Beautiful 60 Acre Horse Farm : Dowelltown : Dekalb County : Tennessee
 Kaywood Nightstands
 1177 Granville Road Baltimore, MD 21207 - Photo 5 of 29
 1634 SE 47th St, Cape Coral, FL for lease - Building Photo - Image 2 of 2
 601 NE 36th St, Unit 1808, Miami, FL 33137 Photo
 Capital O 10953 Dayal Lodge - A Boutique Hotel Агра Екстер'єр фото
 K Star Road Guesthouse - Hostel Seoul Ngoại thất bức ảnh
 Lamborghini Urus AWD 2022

● **WORK REQUEST**
Reproduce the complete data exactly as presented above.

● **WRITTEN ANSWER**
Beautiful 60 Acre Horse Farm : Dowelltown : Dekalb County : Tennessee
 Kaywood Nightstands
 1177 Granville Road Baltimore, MD 21207 - Photo 5 of 29
 1634 SE 47th St, Cape Coral, FL for lease - Building Photo - Image 2 of 2
 601 NE 36th St, Unit 1808, Miami, FL 33137 Photo
 Capital O 10953 Dayal Lodge - A Boutique Hotel Агра Екстер'єр фото
 K Star Road Guesthouse - Hostel Seoul Ngoại thất bức ảnh
 Lamborghini Urus AWD 2022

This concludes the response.